BOURGOGNE
"On fait notre boulot. C'est à l'Etat de faire le sien" lance Pierre Romero, Secrétaire Général de la Confédération Nationale des buralistes
Par Laurent GUILLAUMÉ
Publié le 19 Février 2026 à 20h11
En déplacement sur le Chalonnais, la Confédération Nationale des buralistes s'est posée au bureau de tabac de Champforgeuil ce jeudi. L'occasion de dresser un point d'étape sur cette profession indispensable au vivre-ensemble et regroupant 23 000 professionnels à l'échelle nationale.
Depuis le changement de gouvernance il y a quelques mois, la Confédération Nationale des Buralistes a entrepris une vaste consultation de son réseau d'adhérents. Pas moins de 23000 professionnels à interroger, consulter afin de collecter doléances et propositions en vue des prochaines négocations avec les services de l'Etat. Pierre Romero n'a pas maché ses mots à destination des décideurs politiques dans un contexte toujours plus tendu pour ces professionels, "le métier de buraliste a profondément évolué et continue de se transformer pour renforcer son rôle de commerçant d’utilité locale" a précisé le Secrétaire Général de la Confédération, rappelant toute l'importance incarnée par les buralistes alors que nombreux territoires ruraux sont de plus en plus éloignés de tous les services de proximité.
"On se modernise, se diversifie et assume pleinement notre mission d’aménagement du territoire et de service aux habitants".
"Barber shop et épiceries de nuit réalisent en moyenne 8000 euros net/mois sous le manteau"
Alors que les ventes de tabac dans toute leurs dimensions représentent la moitié des revenus d'un buraliste, la question du trafic de tabac en France est plus que jamais d'actualité. "On fait notre boulot, à un moment c'est à l'Etat de faire le sien" constate amèrement Pierre Romero, face au net repli des ventes de tabac chez les buralistes, "à raison de - 9 % d'une année sur l'autre".

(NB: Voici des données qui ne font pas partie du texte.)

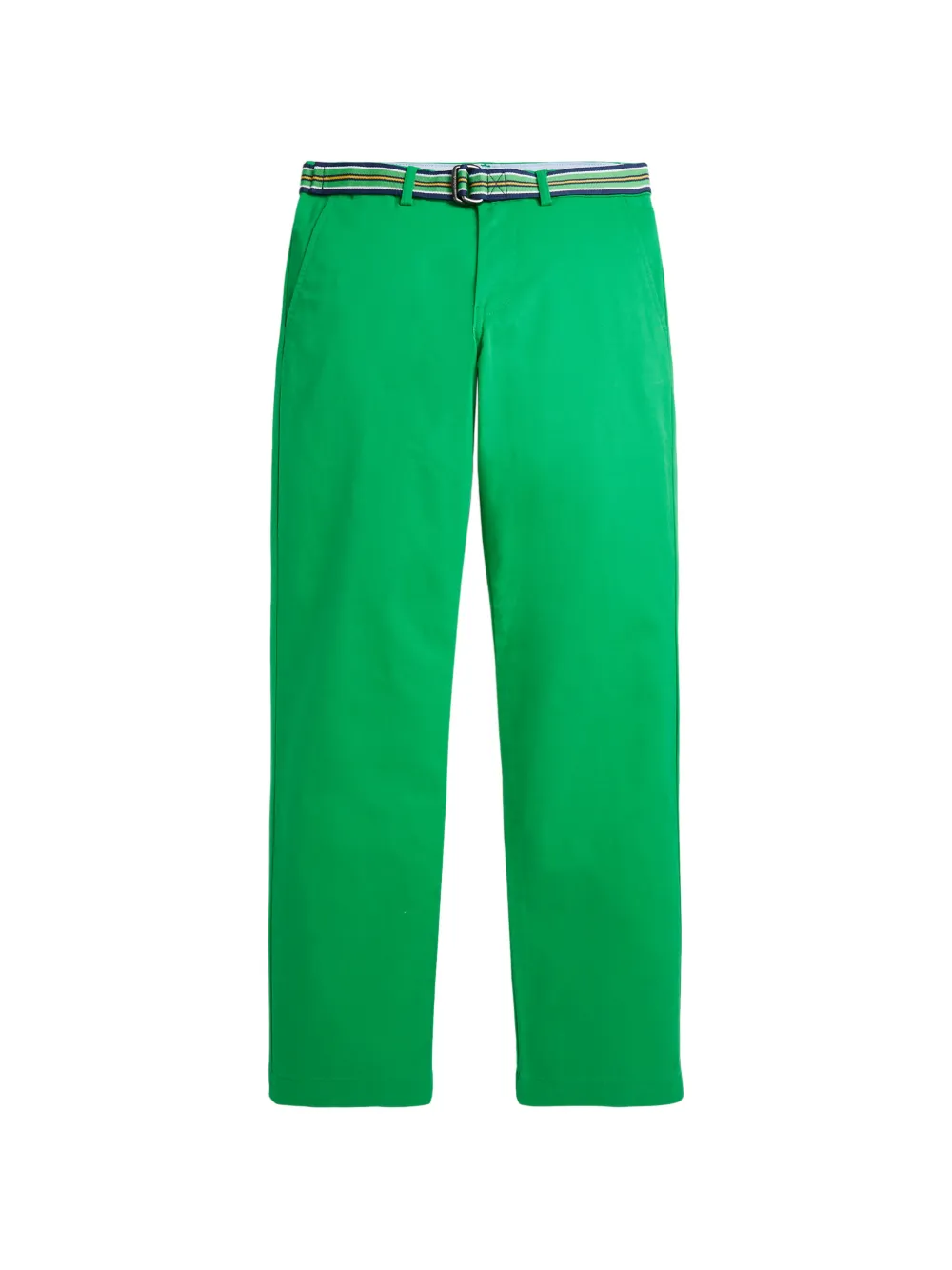 POLO RALPH LAUREN KIDS belted-fastening trousers - Green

Pour autant, "il ne s'agit pas d'inciter à la consommation de tabac, qu'on soit bien d'accord" tient à préciser la Confédération Nationale. "On demande une équité et une vraie lutte contre le trafic. Il faut bien comprendre qu'en moyenne un barber shop ou une épicerie de nuit génère en moyenne 8000 euros net par mois" de manière souterraine. "Un tabac souvent de contrefaçon, produit en Asie ou en Afrique qui n'a rien à voir du tabac. Il y a une vraie question de santé publique qui s'ajoute à la problématique fiscale même si le manque à gagner est de l'ordre de 6 milliards d'euros".
Gel de la fiscalité, stabilité des prix et la captation du marché du vapotage
La Confédération Nationale des Buralistes ne manque pas de sujets, et la question du vapotage est au coeur d'une grande nombre de leurs interrogations et interpellations auprès des services de l'Etat. "On a eu une oreille très attentive d'Amélie de Montchalin sur la question du vapotage et de la commercialisation des produits. La commercialisation de ces produits doit se faire chez nous et nul part ailleurs". Les buralistes réclament à ce que les grandes surfaces notamment ne soient plus autorisées à commercialiser tout ce qui tourne autour du vapotage, "il faut arrêter cette aberration".

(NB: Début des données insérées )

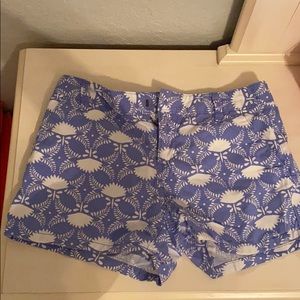 Blue and white shorts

Autre demande formulée et martelée par les buralistes, celle d'une nécessaire harmonisation tarifaire à l'échelle européenne, au moins vis à vis des pays limitrophes, avec des distorsions trop élevées entre certains pays. "Entre acheter votre paquet à 15 euros et l'acheter à 6 euros, on n'a pas de mal à comprendre le consommateur".
Les questions de la fiscalité autour du tabac et de la fluctuation des tarifs sont tout autant de questions au coeur de la profession, qui a bien du mal à se projeter.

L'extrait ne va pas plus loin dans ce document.